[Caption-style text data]

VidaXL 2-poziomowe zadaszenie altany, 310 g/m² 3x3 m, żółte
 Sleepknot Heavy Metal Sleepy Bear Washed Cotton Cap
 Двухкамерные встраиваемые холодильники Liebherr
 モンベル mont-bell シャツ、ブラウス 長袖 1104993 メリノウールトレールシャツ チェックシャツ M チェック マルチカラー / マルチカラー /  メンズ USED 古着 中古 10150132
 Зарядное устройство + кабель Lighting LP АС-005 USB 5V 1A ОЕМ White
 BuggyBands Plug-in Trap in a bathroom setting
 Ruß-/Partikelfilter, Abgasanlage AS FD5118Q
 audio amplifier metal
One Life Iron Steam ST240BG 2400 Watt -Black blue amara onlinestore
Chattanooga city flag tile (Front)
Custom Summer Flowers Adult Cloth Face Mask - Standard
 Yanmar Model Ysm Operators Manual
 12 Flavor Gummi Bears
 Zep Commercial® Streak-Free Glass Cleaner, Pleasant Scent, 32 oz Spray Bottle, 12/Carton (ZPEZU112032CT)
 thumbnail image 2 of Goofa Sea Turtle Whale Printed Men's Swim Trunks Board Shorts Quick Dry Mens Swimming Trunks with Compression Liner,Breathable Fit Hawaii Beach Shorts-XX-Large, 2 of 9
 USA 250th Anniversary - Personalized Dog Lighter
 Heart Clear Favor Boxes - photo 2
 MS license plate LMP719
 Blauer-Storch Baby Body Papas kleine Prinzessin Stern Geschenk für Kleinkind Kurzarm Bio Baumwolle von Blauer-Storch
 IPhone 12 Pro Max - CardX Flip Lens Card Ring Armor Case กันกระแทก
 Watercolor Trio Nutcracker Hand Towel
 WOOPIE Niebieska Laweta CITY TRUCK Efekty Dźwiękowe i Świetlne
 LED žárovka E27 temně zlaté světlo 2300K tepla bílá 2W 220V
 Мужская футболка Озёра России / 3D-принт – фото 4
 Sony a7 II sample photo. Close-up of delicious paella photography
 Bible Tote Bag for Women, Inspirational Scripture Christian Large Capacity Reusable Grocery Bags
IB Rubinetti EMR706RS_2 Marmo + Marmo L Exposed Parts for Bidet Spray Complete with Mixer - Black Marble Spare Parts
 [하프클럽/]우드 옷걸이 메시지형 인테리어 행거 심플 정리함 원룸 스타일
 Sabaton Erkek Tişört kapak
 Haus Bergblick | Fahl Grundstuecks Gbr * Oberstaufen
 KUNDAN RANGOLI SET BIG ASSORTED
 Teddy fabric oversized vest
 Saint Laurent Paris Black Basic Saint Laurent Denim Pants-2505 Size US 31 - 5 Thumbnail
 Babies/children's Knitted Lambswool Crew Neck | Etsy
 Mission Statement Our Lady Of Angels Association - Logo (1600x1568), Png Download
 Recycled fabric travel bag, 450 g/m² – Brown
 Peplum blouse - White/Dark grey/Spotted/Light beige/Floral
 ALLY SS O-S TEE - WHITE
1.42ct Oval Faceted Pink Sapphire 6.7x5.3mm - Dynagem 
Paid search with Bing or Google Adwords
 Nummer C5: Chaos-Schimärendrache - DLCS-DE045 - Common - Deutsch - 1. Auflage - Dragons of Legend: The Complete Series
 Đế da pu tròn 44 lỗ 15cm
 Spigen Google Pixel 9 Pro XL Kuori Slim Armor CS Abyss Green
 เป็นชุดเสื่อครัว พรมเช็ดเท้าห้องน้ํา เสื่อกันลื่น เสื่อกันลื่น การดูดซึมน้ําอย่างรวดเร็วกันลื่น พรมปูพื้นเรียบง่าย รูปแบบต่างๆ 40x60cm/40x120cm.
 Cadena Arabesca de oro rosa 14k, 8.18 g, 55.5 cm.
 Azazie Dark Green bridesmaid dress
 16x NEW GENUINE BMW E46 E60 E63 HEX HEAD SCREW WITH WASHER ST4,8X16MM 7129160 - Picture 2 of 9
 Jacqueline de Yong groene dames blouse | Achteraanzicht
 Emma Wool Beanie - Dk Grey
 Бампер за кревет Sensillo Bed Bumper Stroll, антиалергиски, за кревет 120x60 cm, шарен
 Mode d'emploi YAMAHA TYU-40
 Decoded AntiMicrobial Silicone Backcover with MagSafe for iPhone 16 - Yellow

Your task
Could you return exactly the lines above from the line with "Sony a7 II sample" to the line with "IB Rubinetti EMR706RS_2", both included, and nothing else?

Response box
 Sony a7 II sample photo. Close-up of delicious paella photography
 Bible Tote Bag for Women, Inspirational Scripture Christian Large Capacity Reusable Grocery Bags
IB Rubinetti EMR706RS_2 Marmo + Marmo L Exposed Parts for Bidet Spray Complete with Mixer - Black Marble Spare Parts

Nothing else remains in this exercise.